#### [Task description]
Exact copy, pictures excluded: set down only the lines from the one with "Volvo V70 5 of 5" through the end of the entries, keeping both end lines.

#### [Exercise data]

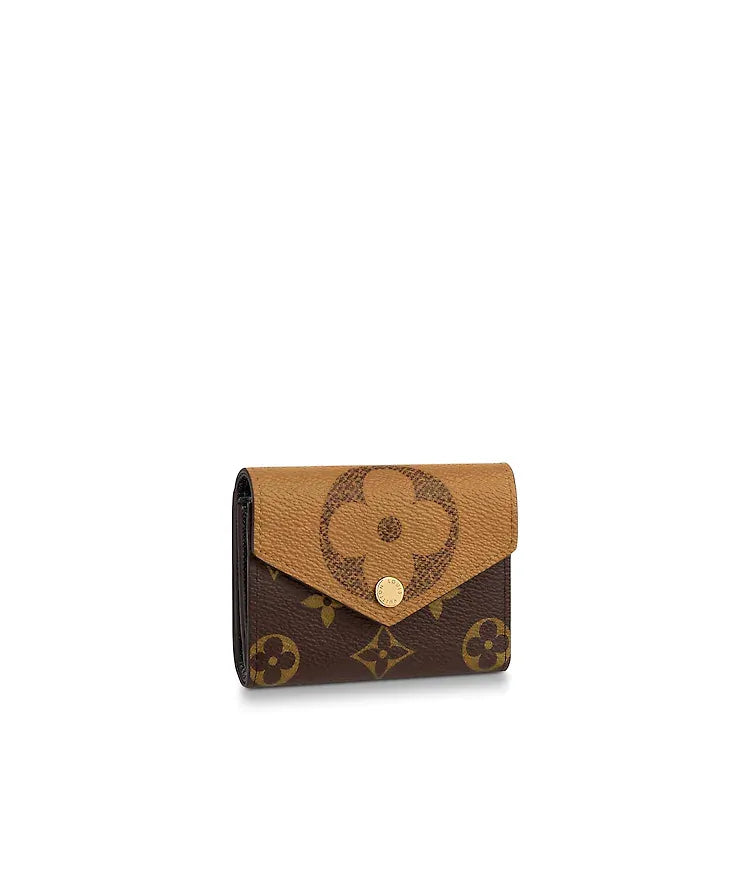 Kawaii Backpack with Bear Doll Badge Q346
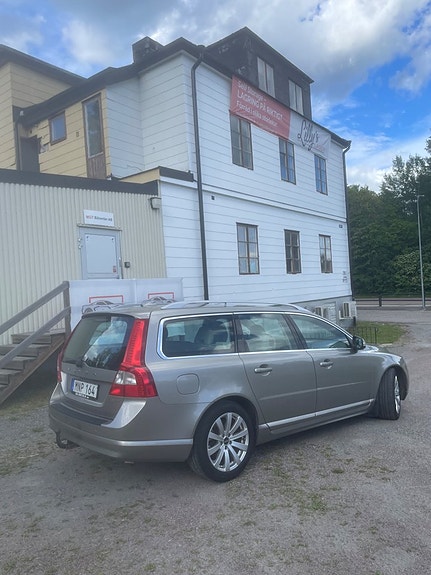 Volvo V70 5 of 5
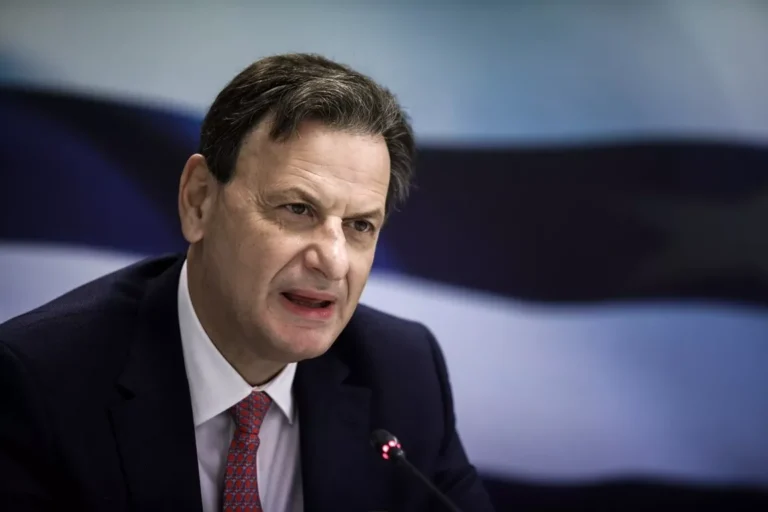 Σκυλακάκης: «Τα φτωχά νοικοκυριά χρησιμοποιούν λιγότερο τα καύσιμα, γιατί δεν έχουν αυτοκίνητο»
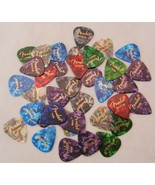 Fender 351 Premium Celluloid Guitar Picks 36 Variety Pack (Thin, Med and... - $232.58 MXN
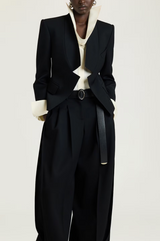 Reverse lapel jacket in wool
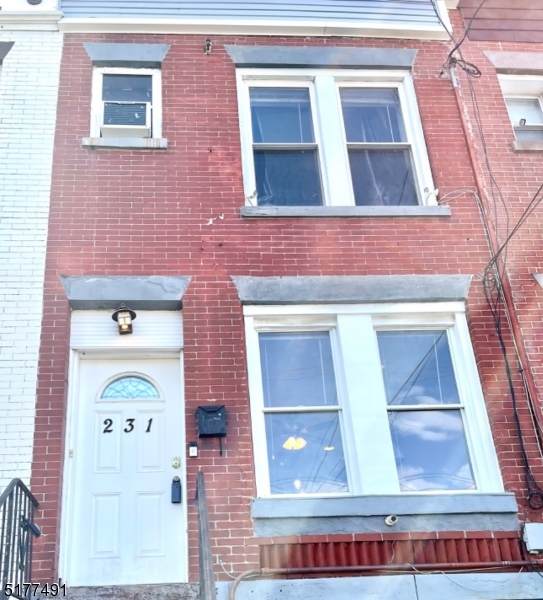 231 Arlington Ave - Photo 1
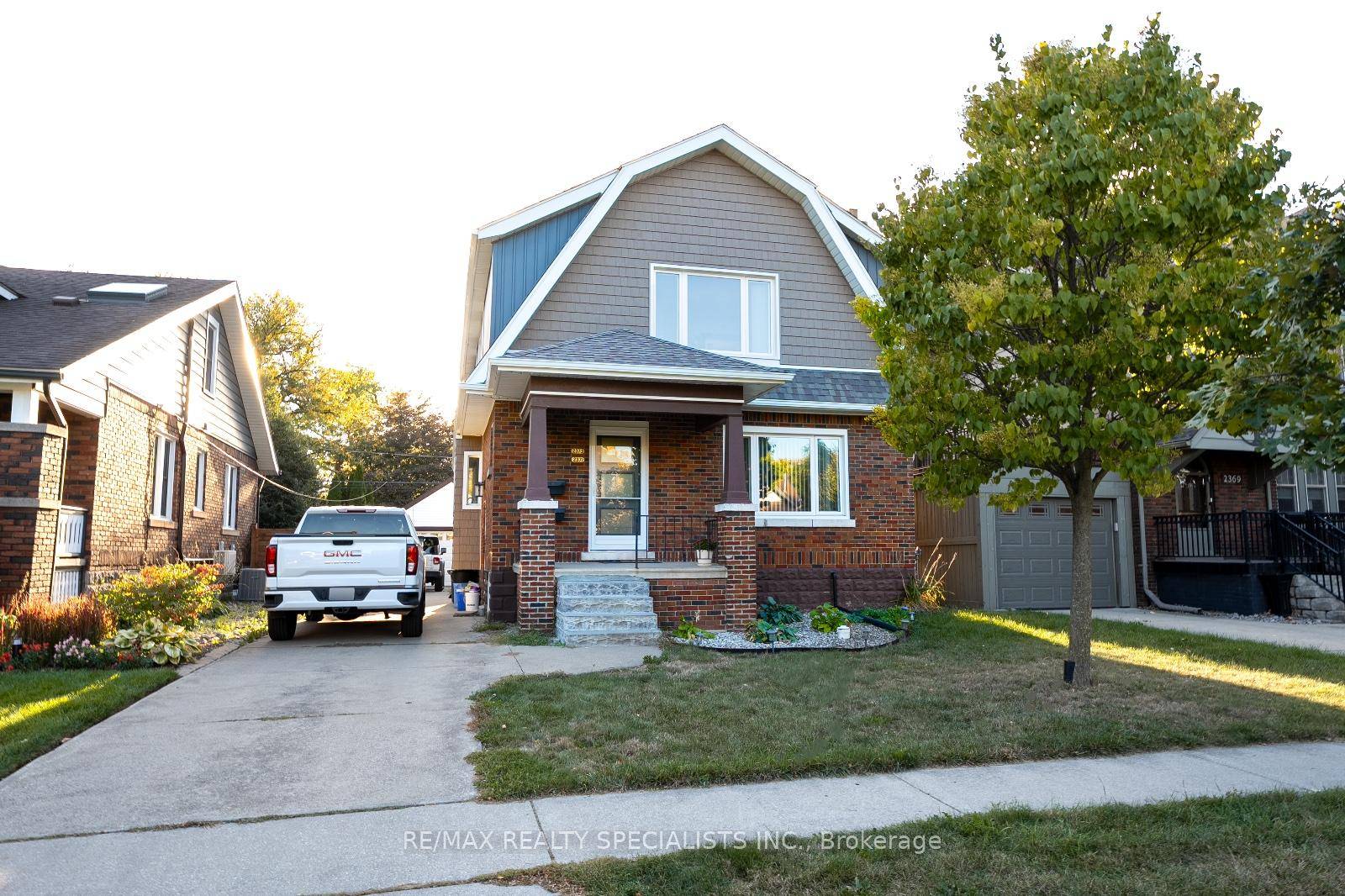 Duplex property. Offering Big Lot Size amp ; spacious Driveway.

#### [Solution to this exercise]
 Volvo V70 5 of 5
 Σκυλακάκης: «Τα φτωχά νοικοκυριά χρησιμοποιούν λιγότερο τα καύσιμα, γιατί δεν έχουν αυτοκίνητο»
 Fender 351 Premium Celluloid Guitar Picks 36 Variety Pack (Thin, Med and... - $232.58 MXN
 Reverse lapel jacket in wool
 231 Arlington Ave - Photo 1
 Duplex property. Offering Big Lot Size amp ; spacious Driveway.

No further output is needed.